Antichi o moderni, sempre Greci La loro lingua è anche la nostra
Il libro di Francesca Sensini (Il melangolo) insiste sulla continuità della civiltà ellenica
Finché mi ricorderò chi sono, mi ricorderò della Grecia. Lo diceva Ugo Foscolo, nato a Zante o Zacinto da padre di origine veneta e madre greca. E così fa Francesca Sensini in La lingua degli dei. L’amore per il
greco antico e moderno (Il melangolo) offrendoci vari fili di Arianna per raccapezzarci nel dedalo di parole che hanno accompagnato il percorso storico, costellato da catastrofi e ricostruzioni, del popolo greco e della sua straordinaria lingua, un ramo indipendente dell’indoeuropeo rimasto in vita da Omero a oggi, strumento di conservazione della cultura classica, ellenistica e romana, oltre che lingua dei Vangeli ed elemento di identità nazionale.
Sensini chiarisce che la visione della Grecia spaccata tra l’antichità, come culla della civiltà occidentale, e l’età medievale e moderna, rimaste sottotraccia o addirittura disprezzate, è deleteria; lo diceva già Giacomo Leopardi, che nel 1821, l’anno della rivoluzione greca, lodava l’«invincibile tenacità» di questo popolo, e la «ricordanza» della sua lingua, strumento di resistenza e segreto del leggendario morale di questo popolo. Parole come politeia, «cittadinanza attiva, diritto di cittadinanza, forma di governo», mostrano aspetti in cui alla complessità della lingua corrisponde un’esperienza politica unica, in cui la contrapposizione tra eleutheria, «libertà», e douleia, «schiavitù» è il cardine dell’azione politica; basti pensare che Efialte, il traditore di Leonida alle Termopili nel V secolo a.C., allora come oggi è il sinonimo di «incubo».
È una lingua piena di dei, che ci porta alle origini della religione stessa. Il nome di Metis, Astuzia, divinità marina pre-olimpica, amata da Zeus, collega gli etimi di pensieri, madre, matrice, utero e metro; quella di Ermes, il messaggero degli dei e lo psicopompo, cioè l’accompagnatore delle anime dei morti nell’Ade, concetti come «ermetico» o «ermeneutica». È una lingua che racchiude la storia del mondo precedente alla civiltà greca, come dimostra la presenza di divinità arcaiche, sconfitte dagli dei olimpi e sopravvissute nel mito sotto forma di mostri. La gorgone Medusa, bellissima divinità acquatica violentata da Poseidone in modo sacrilego nel tempio di Atena, è poi trasformata in orrenda creatura dai capelli serpentiformi, come per indicare nella sua bellezza la causa dell’empietà (uno dei tanti casi di victim blaming nel mondo antico); però la sua testa, mozzata da Perseo, continua ad avere proprietà protettive sotto forma di egida, un amuleto posto al centro dello scudo, o della corazza, di Atena.

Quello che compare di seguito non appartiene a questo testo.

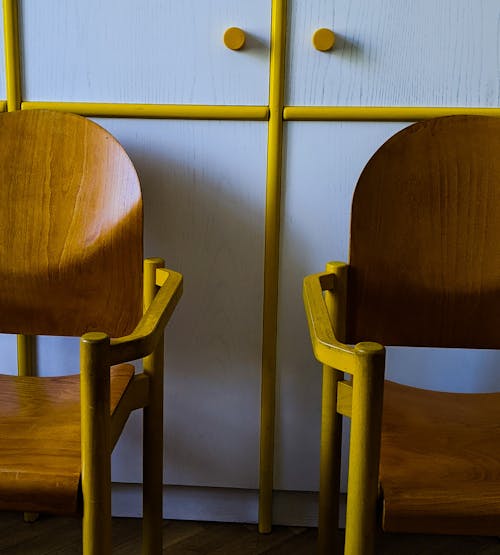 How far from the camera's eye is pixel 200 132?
1323 mm

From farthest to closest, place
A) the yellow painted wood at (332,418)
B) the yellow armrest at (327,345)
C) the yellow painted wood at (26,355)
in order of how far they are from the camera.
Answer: the yellow painted wood at (26,355)
the yellow painted wood at (332,418)
the yellow armrest at (327,345)

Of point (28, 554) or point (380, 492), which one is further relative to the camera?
point (28, 554)

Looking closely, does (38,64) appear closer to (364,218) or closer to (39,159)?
(39,159)

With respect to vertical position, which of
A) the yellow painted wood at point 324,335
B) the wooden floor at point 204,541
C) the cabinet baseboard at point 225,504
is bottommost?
the wooden floor at point 204,541

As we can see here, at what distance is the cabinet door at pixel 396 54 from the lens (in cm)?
125

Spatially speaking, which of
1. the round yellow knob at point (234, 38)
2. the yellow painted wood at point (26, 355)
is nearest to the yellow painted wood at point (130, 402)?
the yellow painted wood at point (26, 355)

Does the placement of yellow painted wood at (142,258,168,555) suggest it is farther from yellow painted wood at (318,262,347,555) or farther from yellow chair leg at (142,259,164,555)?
yellow painted wood at (318,262,347,555)

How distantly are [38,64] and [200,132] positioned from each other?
319mm

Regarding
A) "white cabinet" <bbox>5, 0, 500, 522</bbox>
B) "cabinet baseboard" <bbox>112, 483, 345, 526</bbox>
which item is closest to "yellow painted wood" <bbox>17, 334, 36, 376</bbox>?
"white cabinet" <bbox>5, 0, 500, 522</bbox>

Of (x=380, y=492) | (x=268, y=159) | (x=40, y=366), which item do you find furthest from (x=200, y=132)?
(x=380, y=492)

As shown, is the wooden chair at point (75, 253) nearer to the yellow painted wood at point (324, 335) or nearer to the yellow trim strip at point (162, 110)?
the yellow trim strip at point (162, 110)

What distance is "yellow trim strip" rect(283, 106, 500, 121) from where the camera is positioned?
1281 mm

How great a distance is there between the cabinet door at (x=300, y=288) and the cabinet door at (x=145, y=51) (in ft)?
0.48

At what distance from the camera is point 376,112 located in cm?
128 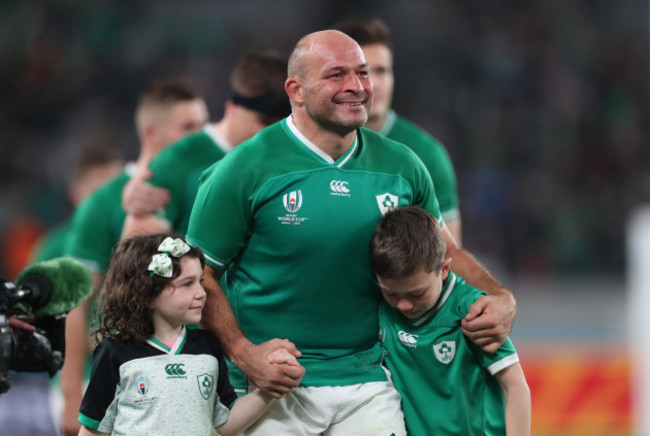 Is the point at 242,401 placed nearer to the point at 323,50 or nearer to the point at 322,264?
the point at 322,264

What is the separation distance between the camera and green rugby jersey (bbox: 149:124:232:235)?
5109 millimetres

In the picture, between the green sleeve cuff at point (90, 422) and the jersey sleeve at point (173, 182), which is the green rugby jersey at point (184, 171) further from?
the green sleeve cuff at point (90, 422)

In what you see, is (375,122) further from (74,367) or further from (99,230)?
(74,367)

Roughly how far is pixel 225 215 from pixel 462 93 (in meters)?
12.4

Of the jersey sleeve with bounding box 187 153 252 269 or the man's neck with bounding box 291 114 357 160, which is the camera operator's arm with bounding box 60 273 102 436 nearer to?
the jersey sleeve with bounding box 187 153 252 269

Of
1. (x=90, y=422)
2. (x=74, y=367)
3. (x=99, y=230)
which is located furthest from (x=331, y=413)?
(x=99, y=230)

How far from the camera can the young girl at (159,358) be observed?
3379 millimetres

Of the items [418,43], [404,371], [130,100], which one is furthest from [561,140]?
[404,371]

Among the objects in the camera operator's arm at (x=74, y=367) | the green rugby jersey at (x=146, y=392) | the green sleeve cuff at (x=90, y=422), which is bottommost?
the camera operator's arm at (x=74, y=367)

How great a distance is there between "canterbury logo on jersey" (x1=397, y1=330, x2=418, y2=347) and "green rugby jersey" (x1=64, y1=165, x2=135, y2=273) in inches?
95.9

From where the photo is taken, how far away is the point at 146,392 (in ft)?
11.1

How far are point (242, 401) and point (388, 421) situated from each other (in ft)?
1.82

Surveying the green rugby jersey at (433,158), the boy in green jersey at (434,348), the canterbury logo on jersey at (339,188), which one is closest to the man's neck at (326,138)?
the canterbury logo on jersey at (339,188)

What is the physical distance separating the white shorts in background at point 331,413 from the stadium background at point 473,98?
7.93m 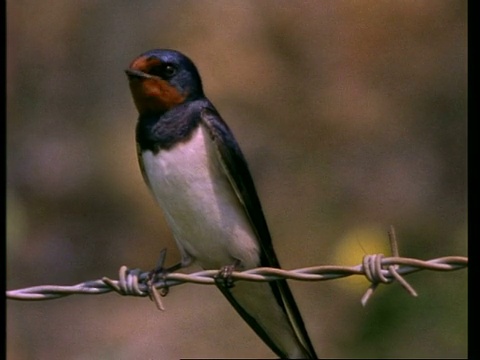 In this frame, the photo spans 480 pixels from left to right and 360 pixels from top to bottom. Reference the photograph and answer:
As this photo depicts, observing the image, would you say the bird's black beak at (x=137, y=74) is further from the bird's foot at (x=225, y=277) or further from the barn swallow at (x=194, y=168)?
the bird's foot at (x=225, y=277)

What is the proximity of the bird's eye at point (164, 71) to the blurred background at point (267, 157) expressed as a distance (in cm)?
102

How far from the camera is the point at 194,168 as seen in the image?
5.98 feet

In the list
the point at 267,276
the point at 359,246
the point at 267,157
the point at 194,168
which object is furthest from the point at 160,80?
the point at 267,157

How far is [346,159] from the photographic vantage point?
12.8 feet

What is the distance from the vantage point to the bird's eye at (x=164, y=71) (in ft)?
6.02

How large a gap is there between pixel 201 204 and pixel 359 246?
1028 mm

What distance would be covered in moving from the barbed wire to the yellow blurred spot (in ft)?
3.09

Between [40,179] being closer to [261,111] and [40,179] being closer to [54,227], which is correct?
[54,227]

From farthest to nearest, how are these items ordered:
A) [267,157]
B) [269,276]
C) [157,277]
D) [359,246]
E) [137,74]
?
[267,157], [359,246], [137,74], [157,277], [269,276]

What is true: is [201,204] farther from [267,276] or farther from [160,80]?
[267,276]

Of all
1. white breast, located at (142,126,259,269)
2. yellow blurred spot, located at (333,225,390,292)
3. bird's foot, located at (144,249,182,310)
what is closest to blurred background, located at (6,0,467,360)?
yellow blurred spot, located at (333,225,390,292)

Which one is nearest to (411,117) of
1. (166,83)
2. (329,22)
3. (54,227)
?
(329,22)

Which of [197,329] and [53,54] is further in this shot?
[53,54]

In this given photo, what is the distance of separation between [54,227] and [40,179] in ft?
0.58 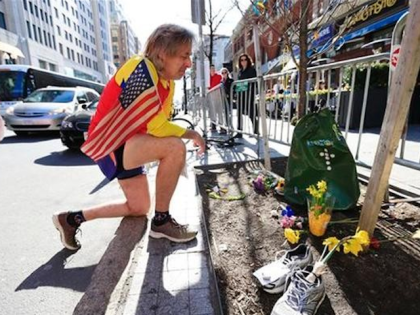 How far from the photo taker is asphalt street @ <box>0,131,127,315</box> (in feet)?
5.99

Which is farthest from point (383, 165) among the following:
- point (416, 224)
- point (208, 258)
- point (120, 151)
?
point (120, 151)

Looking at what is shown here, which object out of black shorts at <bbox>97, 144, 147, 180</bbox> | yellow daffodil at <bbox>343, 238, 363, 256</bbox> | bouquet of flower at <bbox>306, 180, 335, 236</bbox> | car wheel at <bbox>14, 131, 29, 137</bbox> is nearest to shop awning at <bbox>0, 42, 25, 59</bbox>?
car wheel at <bbox>14, 131, 29, 137</bbox>

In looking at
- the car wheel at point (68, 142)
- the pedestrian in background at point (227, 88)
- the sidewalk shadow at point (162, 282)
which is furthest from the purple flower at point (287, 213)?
the car wheel at point (68, 142)

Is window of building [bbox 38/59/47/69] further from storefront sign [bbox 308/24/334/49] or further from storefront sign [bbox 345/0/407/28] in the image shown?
storefront sign [bbox 345/0/407/28]

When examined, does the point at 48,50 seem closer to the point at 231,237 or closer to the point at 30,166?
the point at 30,166

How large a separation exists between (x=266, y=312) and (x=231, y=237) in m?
0.74


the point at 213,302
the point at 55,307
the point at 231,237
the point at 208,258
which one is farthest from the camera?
the point at 231,237

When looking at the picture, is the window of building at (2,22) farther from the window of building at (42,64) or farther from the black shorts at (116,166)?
the black shorts at (116,166)

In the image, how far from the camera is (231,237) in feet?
7.15

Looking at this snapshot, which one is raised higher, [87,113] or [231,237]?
[87,113]

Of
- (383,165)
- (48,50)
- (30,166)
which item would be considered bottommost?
(30,166)

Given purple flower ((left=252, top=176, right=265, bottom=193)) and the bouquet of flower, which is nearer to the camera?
the bouquet of flower

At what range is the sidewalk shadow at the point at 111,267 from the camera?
64.7 inches

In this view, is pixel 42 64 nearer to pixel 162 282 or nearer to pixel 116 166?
pixel 116 166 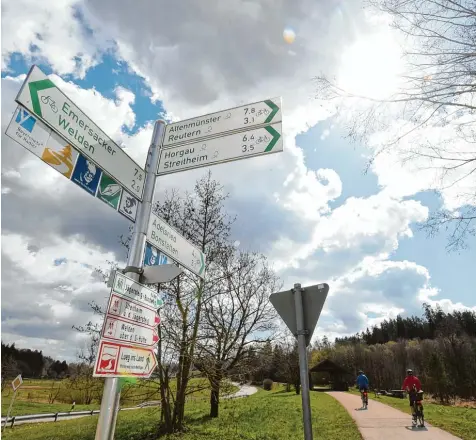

Nella sua straordinaria longevità, il greco ha consapevolmente racchiuso millenni di storia in migliaia di nomi da far sopravvivere nella memoria dei posteri, nomi così evocativi e altisonanti da imprimersi nella memoria degli aedi e dei rapsodi, e nelle orecchie di chi li ascoltava al suono della cetra, come quelli del catalogo delle navi degli Achei, schierate nelle acque davanti a Troia, nel secondo libro dell’Iliade. Il tutto grazie alle Muse, dee figlie di Mnemosyne, Memoria, capaci di infondere nel poeta l’enthousiasmos, l’ispirazione in grado di farlo uscire della dimensione umana e farlo avvicinare al divino.
Importante valore aggiunto del libro è l’aggancio continuo con il neogreco e la storia politica e culturale della Grecia medievale e moderna, in Italia ancora troppo poco conosciuta. In fin dei conti, gli abitanti dell’impero romano d’Oriente, sopravvissuto fino al 1453, si autoproclamavano Roméi, cioè Romani. E come scrisse duecento anni fa Percy Bysshe Shelley, we are all Greeks.